After three long days of workshops, on Friday it was finally time for the Social Cities of Tomorrow conference event. Usman Haque was one of the day’s keynote speakers. He is perhaps best known as the founder of Pachube, an online hub for open and distributed data collection for the Internet of Things. Thousands of sensors are hooked up to this network and data pours in from all corners of the world. Of course, collecting data is nice and all, but where it gets interesting is when you start thinking about what you can do with this data. Even more so, things get really interesting when you start thinking about how this information can inspire other people. For Haque, this is what Pachube is all about.
Haque went on to explain by referring back to the early days of the Web. Back then the Web already consisted of many, many pages, but it was difficult to navigate. Most people simply did not know what was out there, nor was there an easy way to discover new things. This changed when Yahoo! started cataloging the Web and created a directory for people to browse. Suddenly, the Web became far more accessible. This enabled people to discover new things and, as Haque was keen to emphasize, each new discovery can lead people to new creative ideas. Inspiration through exposure, so to speak.
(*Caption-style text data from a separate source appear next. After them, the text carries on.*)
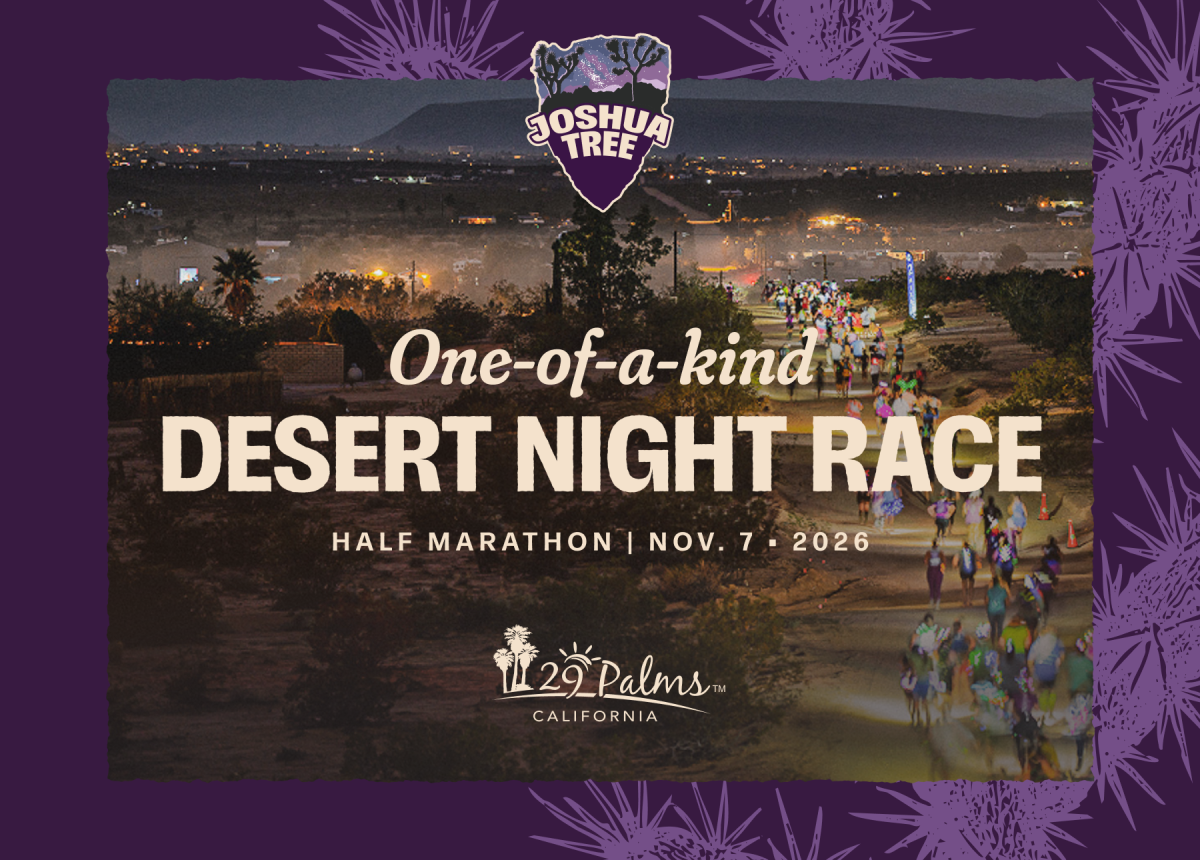 Vacation Races Joshua Tree Half Marathon Nov 2026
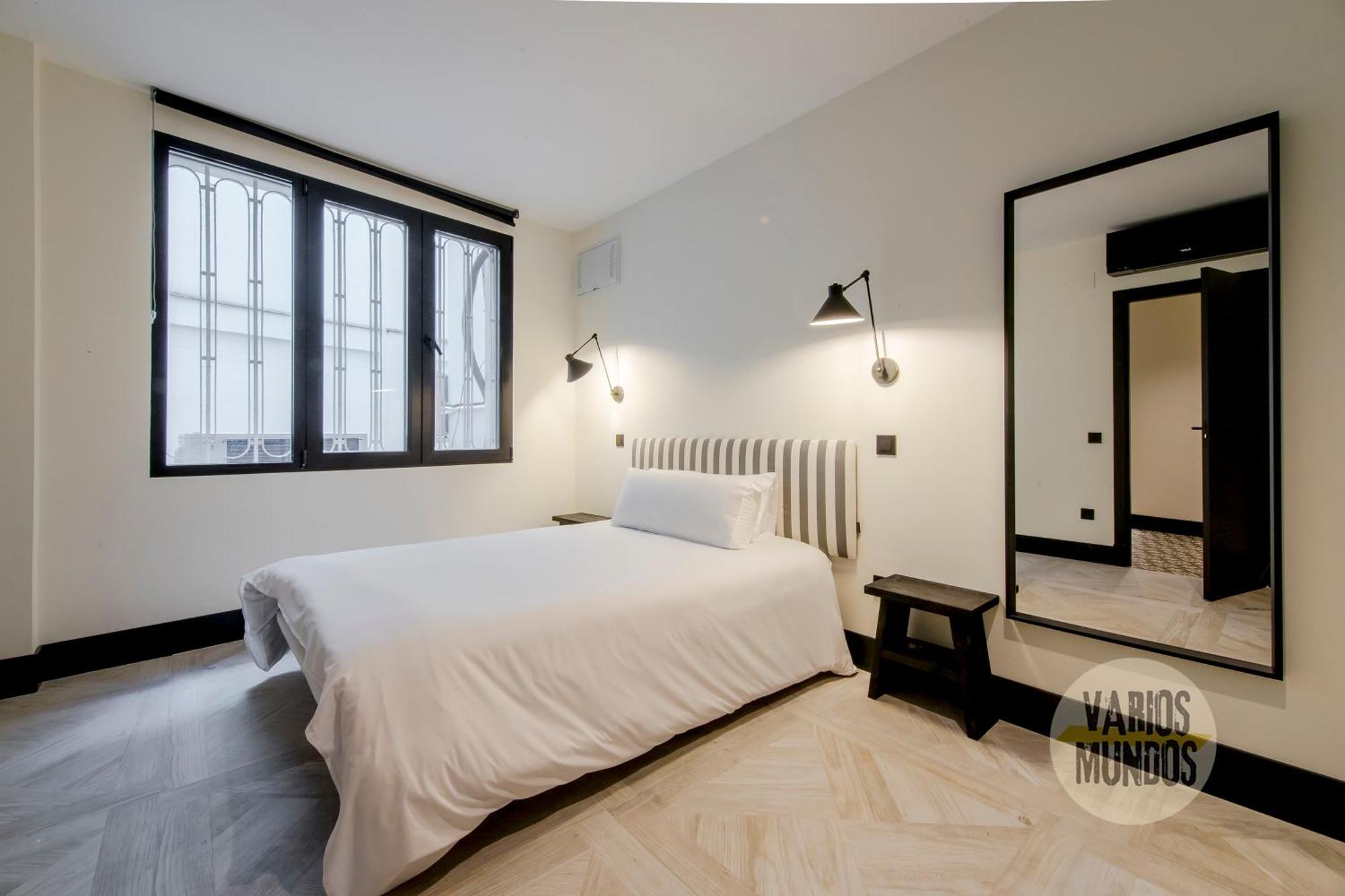 Wonderful Apt Para 7 En Preciados-Plaza Del Carmen E2 Madrid Esterno foto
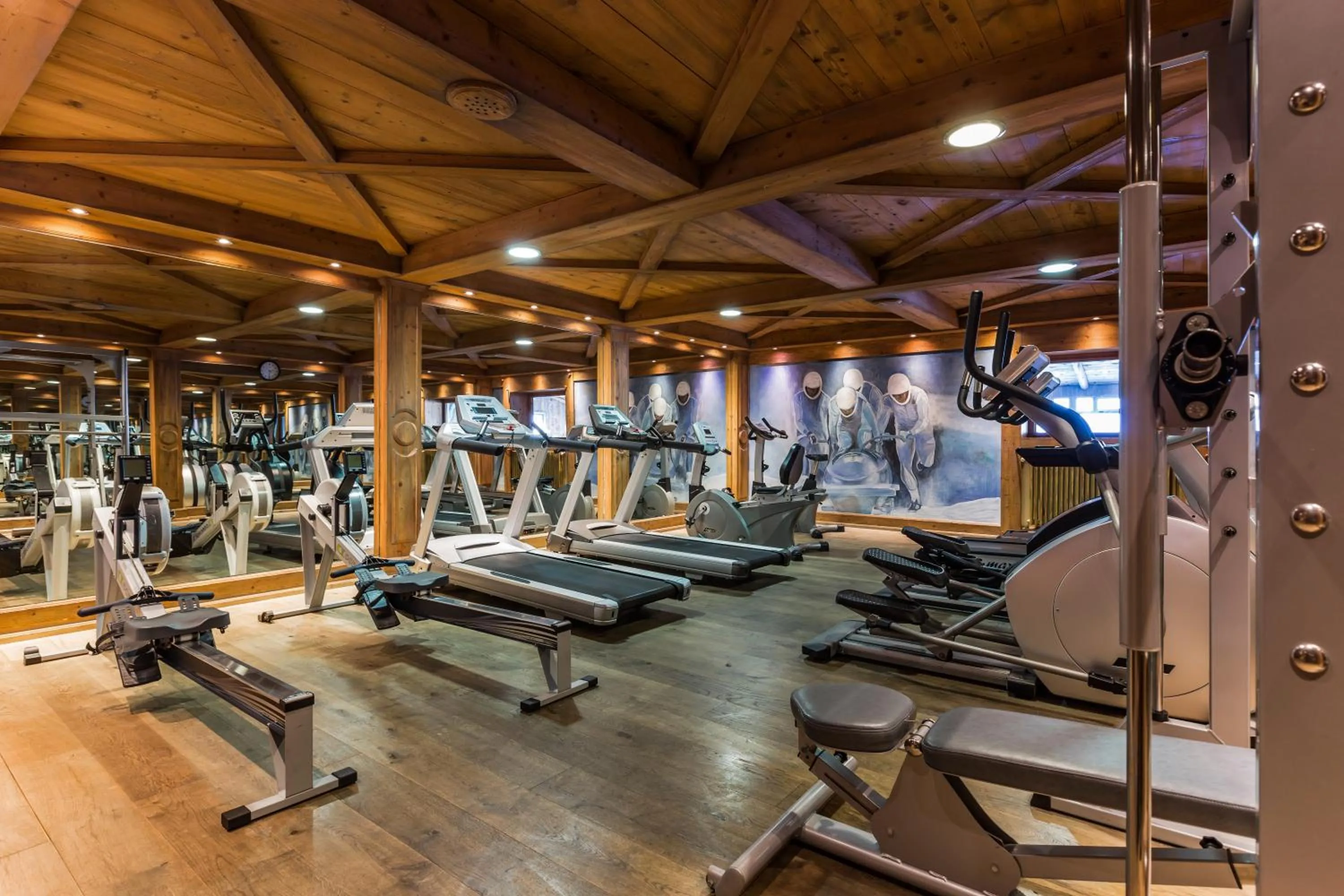 Spa and wellness centre/facilities in Résidence Pierre & Vacances Premium Les Hauts Bois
Pachube was launched with the same idea in mind. With commercially available sensor technology becoming cheaper and open source hardware platforms like Arduino reaching maturity, it’s become easier than ever to collect and share large quantities of data. What Yahoo! did for the Web, Pachube hopes to do for the world on a much larger scale. By gathering data, Haque hopes it will inspire people to be more active and creative by giving insight into things that were hitherto inaccessible or simply unknown.
One recent example, mentioned by Haque, was the grid of Geiger counters that now exists in the Fukushima area surrounding the shutdown power station. As with many things, this grid started small. At first there was only one Geiger counter, but it wasn’t even close to Fukushima. It might have been a sensor somewhere in a Kyoto science lab set up to measure background radiation. It’s particular reason for being active isn’t that important, however. What is, is that this single sensor inspired people to set up a whole grid of Geiger counters close to Fukushima so that the everyone could have access to real-time data about the radiation levels in the area without having to rely on government reports or newscasts.
One more example I’d like to single out is Haque’s project to measure the air quality in Barcelona. Generally, Haque explained, air quality sensors are placed out of reach of citizens, on top off buildings or up high against walls. Of course, people don’t live, walk and breath on top off buildings, they do so on the street level. Haque’s solution to this mismatch was to send a team of students out into into the streets of Barcelona and have them wipe down street level surfaces with paper napkins. This, of course, is a very low-tech yet intuitive way to measure air born particulate in the area. It is perhaps not the most accurate nor rigorous scientific method to use, but that is not its primary concern. The strengths of this methodology are twofold. First, it actively involves people in the act of measuring. Having to pay close attention to the grime and particulate on the streets makes one far more likely to start caring and to actively support a more environmentally sound way of life. Second, many passers-by on the street were intrigued by what the students were doing. Admittedly, the fact that they were wearing mouth masks made them stand out rather easily, but the important thing is that people were interrupted in their routines and stopped to think about the pollution in their city.
This is what Haque’s work is really about. He likes to trigger people. It might take a worldwide network of sensors or it might just take a paper napkin, the key idea behind all of his work is to get people to engage with their surroundings, to be active, to be critical. This is exactly the overall point that Social Cities of Tomorrow is trying to make. It’s about the people, not the technology.